DATA FOR THE TASK section start
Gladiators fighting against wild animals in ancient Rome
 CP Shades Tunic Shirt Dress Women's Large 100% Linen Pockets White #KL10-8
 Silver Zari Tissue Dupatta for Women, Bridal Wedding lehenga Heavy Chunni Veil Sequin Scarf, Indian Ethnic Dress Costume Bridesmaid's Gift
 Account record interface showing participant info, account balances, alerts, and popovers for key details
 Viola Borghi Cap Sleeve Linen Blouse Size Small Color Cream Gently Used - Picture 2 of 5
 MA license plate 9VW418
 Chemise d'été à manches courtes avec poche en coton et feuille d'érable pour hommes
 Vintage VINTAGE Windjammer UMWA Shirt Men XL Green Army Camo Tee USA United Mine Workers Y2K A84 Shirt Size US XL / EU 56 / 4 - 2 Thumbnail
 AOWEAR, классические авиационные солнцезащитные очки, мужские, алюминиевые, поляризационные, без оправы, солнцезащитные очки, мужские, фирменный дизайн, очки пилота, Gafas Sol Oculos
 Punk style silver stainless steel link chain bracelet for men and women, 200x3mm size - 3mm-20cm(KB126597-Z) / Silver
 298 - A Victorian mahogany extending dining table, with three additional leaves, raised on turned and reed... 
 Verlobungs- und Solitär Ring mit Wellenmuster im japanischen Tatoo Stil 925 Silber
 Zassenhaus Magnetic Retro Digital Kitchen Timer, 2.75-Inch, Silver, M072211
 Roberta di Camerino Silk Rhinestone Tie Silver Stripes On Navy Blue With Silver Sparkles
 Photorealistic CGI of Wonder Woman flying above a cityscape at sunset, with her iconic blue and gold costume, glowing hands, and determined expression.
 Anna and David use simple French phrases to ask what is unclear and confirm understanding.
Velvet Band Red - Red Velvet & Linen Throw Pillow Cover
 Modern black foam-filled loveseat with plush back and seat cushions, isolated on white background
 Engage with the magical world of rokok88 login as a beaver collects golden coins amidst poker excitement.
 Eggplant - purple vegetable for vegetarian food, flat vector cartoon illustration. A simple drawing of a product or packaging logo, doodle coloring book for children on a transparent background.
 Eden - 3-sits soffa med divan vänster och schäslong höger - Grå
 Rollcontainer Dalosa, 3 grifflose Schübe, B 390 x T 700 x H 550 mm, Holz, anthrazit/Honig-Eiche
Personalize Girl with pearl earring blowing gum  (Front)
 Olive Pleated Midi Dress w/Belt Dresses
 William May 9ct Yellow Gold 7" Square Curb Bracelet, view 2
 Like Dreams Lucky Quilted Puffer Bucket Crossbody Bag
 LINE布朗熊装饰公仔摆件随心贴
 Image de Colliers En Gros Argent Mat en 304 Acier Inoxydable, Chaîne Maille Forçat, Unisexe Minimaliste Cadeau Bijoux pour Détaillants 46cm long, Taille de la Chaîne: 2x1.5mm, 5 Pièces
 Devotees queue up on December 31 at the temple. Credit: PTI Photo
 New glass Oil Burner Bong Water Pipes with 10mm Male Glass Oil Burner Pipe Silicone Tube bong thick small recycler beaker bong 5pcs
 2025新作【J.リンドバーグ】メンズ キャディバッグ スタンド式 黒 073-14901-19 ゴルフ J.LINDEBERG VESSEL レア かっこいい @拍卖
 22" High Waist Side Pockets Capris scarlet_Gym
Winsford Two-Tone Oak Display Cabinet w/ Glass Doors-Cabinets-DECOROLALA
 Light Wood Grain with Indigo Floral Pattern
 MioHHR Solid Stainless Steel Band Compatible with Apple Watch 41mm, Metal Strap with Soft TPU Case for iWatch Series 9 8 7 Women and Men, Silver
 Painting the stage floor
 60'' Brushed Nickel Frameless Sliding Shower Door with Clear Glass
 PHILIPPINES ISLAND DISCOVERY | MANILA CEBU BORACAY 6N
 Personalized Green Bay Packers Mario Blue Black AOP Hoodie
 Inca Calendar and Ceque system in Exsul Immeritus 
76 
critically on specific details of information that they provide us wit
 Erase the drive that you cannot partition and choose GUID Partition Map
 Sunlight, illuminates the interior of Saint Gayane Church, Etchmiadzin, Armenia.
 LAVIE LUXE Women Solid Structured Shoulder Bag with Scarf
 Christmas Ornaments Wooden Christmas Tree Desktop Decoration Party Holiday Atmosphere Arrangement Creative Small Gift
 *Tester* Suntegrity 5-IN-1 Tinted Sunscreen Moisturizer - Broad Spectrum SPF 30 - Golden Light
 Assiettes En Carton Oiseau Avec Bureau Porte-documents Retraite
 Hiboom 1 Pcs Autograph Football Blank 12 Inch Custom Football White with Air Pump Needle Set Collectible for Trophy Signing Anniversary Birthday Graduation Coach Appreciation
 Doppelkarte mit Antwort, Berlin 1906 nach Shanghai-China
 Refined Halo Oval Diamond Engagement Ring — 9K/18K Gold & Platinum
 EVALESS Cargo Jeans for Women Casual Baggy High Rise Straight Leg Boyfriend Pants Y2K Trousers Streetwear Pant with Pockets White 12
DATA FOR THE TASK section end
### ACTIVITY
Which lines above include the word "Scarf"? Show each one.

### THE COMPLETED TASK
 Silver Zari Tissue Dupatta for Women, Bridal Wedding lehenga Heavy Chunni Veil Sequin Scarf, Indian Ethnic Dress Costume Bridesmaid's Gift
 LAVIE LUXE Women Solid Structured Shoulder Bag with Scarf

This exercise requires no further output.